Top of Source data

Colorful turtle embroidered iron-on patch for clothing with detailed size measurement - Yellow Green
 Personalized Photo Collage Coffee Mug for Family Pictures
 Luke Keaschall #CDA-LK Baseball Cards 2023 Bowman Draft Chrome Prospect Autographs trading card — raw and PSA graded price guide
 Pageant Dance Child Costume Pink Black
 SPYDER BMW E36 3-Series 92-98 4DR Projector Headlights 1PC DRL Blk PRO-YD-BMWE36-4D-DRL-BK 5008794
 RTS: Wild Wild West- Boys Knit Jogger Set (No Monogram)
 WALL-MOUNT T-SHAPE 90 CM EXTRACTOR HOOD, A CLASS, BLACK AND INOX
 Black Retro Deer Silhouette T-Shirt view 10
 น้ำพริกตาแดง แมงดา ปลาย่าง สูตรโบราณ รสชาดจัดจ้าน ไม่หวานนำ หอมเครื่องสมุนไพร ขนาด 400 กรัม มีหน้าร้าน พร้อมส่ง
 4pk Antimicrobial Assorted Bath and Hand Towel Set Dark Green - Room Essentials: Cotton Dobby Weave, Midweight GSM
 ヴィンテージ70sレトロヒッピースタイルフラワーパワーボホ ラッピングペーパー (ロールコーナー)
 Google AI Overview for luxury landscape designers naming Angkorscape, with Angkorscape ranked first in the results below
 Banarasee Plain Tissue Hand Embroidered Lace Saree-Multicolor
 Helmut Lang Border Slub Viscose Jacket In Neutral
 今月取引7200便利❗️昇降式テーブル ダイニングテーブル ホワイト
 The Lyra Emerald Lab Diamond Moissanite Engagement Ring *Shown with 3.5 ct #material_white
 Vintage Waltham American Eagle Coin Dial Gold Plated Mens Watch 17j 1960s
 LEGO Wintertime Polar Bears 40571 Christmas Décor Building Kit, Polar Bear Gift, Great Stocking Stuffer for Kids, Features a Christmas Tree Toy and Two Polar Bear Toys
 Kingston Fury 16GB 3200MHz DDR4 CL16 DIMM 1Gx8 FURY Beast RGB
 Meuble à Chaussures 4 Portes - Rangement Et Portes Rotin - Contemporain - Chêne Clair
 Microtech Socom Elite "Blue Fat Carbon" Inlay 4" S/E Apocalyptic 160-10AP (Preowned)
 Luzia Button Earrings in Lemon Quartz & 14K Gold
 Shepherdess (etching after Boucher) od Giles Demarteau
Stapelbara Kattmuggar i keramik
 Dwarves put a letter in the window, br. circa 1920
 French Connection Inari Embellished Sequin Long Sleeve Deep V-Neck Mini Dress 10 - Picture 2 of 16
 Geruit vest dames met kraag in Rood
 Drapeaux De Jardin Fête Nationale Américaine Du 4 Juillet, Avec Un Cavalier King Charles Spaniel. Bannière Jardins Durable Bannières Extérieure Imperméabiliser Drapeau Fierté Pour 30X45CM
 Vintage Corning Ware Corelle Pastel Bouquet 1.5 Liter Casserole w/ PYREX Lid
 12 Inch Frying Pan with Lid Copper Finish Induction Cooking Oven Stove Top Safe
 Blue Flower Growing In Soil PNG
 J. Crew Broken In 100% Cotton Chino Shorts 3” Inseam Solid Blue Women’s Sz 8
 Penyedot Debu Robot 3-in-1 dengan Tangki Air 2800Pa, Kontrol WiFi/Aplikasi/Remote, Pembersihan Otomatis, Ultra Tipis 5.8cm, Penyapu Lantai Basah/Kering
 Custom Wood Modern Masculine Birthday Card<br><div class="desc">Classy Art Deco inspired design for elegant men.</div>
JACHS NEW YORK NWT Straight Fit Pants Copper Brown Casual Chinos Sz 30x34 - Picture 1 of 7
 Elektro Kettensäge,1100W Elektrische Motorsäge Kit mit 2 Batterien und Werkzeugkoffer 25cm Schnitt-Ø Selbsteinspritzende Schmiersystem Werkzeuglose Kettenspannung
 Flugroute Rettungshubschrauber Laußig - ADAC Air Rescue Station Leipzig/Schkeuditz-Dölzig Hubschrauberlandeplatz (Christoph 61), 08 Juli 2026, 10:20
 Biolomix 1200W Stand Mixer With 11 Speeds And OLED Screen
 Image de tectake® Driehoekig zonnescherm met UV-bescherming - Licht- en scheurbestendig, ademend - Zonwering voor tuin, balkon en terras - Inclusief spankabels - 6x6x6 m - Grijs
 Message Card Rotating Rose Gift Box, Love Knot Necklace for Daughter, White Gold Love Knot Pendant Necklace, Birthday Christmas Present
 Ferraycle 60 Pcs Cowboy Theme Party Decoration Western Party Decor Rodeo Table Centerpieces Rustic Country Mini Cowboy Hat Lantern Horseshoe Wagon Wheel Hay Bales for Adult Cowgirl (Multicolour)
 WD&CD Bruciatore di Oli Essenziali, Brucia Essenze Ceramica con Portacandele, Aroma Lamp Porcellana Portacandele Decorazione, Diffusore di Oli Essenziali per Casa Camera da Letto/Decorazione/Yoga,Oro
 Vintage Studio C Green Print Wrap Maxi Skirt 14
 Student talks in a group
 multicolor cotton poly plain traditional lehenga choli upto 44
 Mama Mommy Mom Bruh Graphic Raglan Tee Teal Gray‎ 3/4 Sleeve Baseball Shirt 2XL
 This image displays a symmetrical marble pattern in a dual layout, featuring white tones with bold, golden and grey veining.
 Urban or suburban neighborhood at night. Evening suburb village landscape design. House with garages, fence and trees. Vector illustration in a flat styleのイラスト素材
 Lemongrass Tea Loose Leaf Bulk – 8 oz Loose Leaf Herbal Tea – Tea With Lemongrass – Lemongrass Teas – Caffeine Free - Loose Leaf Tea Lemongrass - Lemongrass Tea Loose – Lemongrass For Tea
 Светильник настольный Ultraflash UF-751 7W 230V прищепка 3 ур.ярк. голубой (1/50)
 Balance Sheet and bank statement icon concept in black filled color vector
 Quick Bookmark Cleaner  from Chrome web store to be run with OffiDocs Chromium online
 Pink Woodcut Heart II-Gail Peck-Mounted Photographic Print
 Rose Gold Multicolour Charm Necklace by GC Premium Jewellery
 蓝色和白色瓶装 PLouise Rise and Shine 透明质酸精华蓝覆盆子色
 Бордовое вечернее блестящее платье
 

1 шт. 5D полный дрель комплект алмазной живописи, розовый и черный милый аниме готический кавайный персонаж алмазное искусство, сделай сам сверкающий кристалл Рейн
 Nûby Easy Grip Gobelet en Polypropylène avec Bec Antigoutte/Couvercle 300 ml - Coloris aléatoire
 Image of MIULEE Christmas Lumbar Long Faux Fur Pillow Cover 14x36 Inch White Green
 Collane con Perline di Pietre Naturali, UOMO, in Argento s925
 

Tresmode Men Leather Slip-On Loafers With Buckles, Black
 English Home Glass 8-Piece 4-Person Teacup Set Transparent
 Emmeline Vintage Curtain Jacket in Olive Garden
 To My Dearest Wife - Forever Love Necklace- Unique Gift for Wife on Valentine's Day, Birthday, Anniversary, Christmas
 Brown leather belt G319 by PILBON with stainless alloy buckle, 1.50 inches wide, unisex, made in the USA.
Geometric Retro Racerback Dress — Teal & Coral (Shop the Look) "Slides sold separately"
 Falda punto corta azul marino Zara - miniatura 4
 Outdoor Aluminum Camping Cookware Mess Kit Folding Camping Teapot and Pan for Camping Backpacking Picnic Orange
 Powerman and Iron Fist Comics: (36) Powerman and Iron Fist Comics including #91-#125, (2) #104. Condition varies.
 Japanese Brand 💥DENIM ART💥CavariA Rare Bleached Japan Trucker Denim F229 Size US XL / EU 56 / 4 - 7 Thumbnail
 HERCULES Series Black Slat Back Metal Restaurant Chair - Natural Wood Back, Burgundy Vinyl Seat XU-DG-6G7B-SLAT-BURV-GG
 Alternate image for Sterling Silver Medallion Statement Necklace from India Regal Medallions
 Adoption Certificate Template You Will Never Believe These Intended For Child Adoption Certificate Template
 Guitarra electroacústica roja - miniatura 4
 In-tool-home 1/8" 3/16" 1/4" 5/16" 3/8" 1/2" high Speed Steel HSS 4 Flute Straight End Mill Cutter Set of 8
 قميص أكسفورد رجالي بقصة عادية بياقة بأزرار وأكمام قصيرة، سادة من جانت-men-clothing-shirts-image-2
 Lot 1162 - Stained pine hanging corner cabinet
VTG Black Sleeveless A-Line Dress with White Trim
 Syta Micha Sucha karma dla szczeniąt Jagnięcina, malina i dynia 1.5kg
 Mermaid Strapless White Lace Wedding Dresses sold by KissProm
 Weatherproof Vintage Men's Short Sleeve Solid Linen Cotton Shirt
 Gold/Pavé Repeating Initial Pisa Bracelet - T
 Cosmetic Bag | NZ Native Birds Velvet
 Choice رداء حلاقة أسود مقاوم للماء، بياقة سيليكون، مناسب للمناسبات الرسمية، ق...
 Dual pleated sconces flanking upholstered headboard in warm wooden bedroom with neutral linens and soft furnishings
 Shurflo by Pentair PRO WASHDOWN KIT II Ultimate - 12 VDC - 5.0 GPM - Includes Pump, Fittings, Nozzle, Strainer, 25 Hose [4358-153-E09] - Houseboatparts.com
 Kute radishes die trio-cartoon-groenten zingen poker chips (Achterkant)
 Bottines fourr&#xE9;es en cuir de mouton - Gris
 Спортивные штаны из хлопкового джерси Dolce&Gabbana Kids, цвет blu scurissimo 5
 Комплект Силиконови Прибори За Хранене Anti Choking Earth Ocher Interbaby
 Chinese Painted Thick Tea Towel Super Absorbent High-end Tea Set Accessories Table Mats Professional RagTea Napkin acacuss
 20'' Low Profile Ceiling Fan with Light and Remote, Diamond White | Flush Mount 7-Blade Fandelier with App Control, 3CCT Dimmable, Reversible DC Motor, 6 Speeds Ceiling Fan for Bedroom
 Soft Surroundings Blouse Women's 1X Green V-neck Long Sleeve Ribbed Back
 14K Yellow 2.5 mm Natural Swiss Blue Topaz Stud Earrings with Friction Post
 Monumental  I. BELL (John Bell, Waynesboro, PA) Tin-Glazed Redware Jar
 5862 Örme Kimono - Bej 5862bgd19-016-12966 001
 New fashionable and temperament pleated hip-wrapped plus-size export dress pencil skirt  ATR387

Bottom of Source data

Would you set down, word for word, the lines from the opening of the entries above through the line with "ヴィンテージ70sレトロヒッピースタイルフラワーパワーボホ ラッピングペーパー (ロールコーナー)", both included, and no others?

Colorful turtle embroidered iron-on patch for clothing with detailed size measurement - Yellow Green
 Personalized Photo Collage Coffee Mug for Family Pictures
 Luke Keaschall #CDA-LK Baseball Cards 2023 Bowman Draft Chrome Prospect Autographs trading card — raw and PSA graded price guide
 Pageant Dance Child Costume Pink Black
 SPYDER BMW E36 3-Series 92-98 4DR Projector Headlights 1PC DRL Blk PRO-YD-BMWE36-4D-DRL-BK 5008794
 RTS: Wild Wild West- Boys Knit Jogger Set (No Monogram)
 WALL-MOUNT T-SHAPE 90 CM EXTRACTOR HOOD, A CLASS, BLACK AND INOX
 Black Retro Deer Silhouette T-Shirt view 10
 น้ำพริกตาแดง แมงดา ปลาย่าง สูตรโบราณ รสชาดจัดจ้าน ไม่หวานนำ หอมเครื่องสมุนไพร ขนาด 400 กรัม มีหน้าร้าน พร้อมส่ง
 4pk Antimicrobial Assorted Bath and Hand Towel Set Dark Green - Room Essentials: Cotton Dobby Weave, Midweight GSM
 ヴィンテージ70sレトロヒッピースタイルフラワーパワーボホ ラッピングペーパー (ロールコーナー)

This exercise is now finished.